19 February 2004
DUESSELDORF – A radical Palestinian cell in Germany provided 40 fake passports for foreign Islamists making a fast exit from Afghanistan in late 2001 as US-led forces overthrew the Taliban, a German police interrogator told a trial this week.
Three men are accused of forming a local branch of the terrorist group al-Tawhid and plotting bomb attacks on Jews in Germany.
Describing his interview with the lead defendant, the federal policeman said he was told one of the passports was intended for Abu-Musab Zarqawi, head of al-Tawhid, an Islamist network similar to al-Qaeda.
The United States has posted a USD 10 million (EUR 8 million) reward for Zarqawi’s capture, amid reports that his influence is growing.
Last week a fourth defendant, Djamel M., 31, said he had provided the group with 15 stolen, blank, French identity cards in January 2001 and forged identities into them.

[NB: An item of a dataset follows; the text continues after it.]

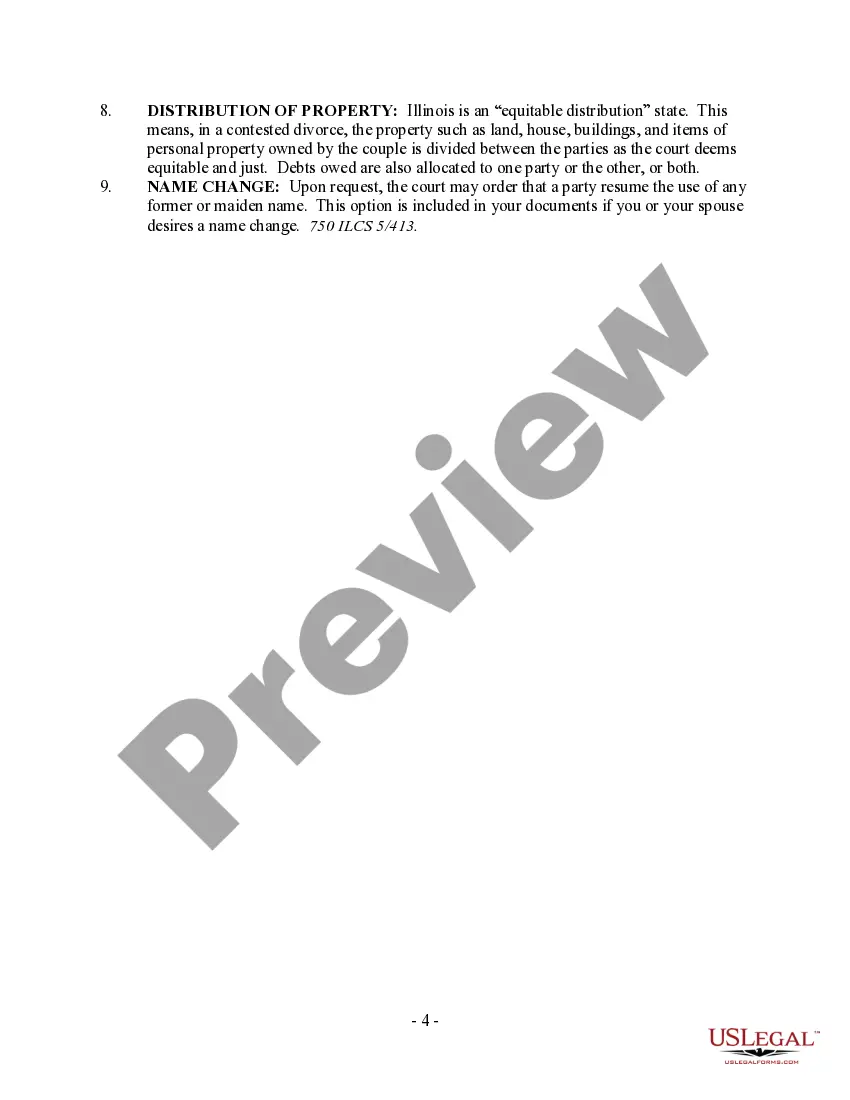 Preview Illinois No-Fault Agreed Uncontested Divorce Package for Dissolution of Marriage for Persons with No Children with or without Property and Debts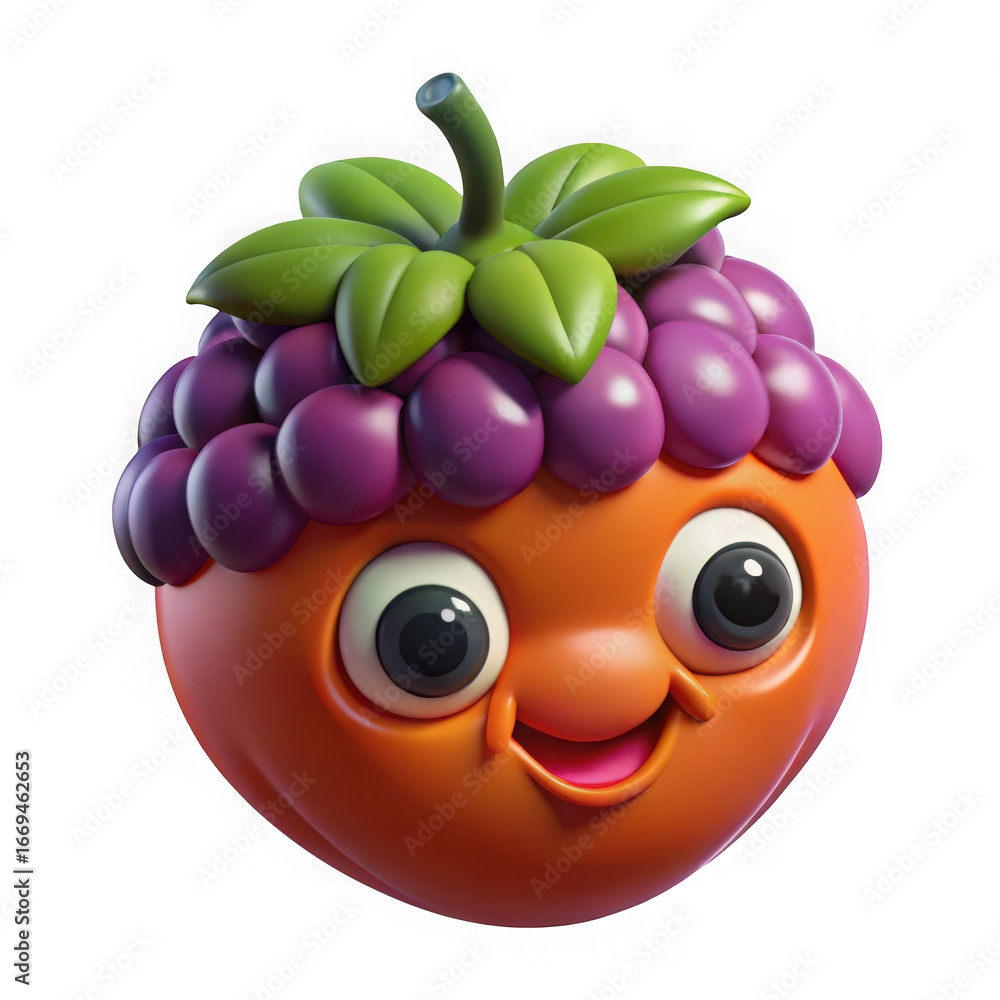 Obraz premium Cute cartoon fruit character with grape hair isolated on transparent background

The police say the fake passports enabled terrorists and Taliban fighters to escape to Europe in late 2001 or early 2002 as the Taliban regime fell apart and Afghans dealt rough justice to foreign Islamists and other radicals who had oppressed them.
The witness said a sum of DM 47,000 (EUR 24,030) had been transferred from Iran to Germany to pay for the papers.
The documents were taken by land to Turkey and then smuggled into Iran. “The purpose was to move the fighters to safe havens,” the policeman said, quoting from notes of the interrogation.
The alleged cell comprised Mohammed Abu-D. and Ismail Abdallah Shaitan S., both Jordanian nationals, and Ashraf Mohammed al-D., who is stateless. Their full surnames have been withheld under German journalistic ethics guidelines.
Abu-D. had denied in the interview planning terrorist attacks on Jews in Germany, saying he wished no harm to Germany as it was giving him shelter. If he wished to attack Jews, he would do so in Palestine, he told the policeman.
Prosecutors say the cell plotted variously to bomb a Dusseldorf nightclub, a bar in that city frequented by Jews or a Jewish community centre in Berlin. None of the attacks was ever carried out, as the group was arrested in 2002 before its hand grenades arrived.
The key witness, another Palestinian, was sentenced in November to four years in jail for supporting the group.
The three main defendants face a maximum penalty of 10 years in jail, while the Algerian provider of fake IDs faces five. The judges, sitting in a heavily guarded, brand-new courthouse in downtown Dusseldorf, have reserved nearly 60 days till late July for the case.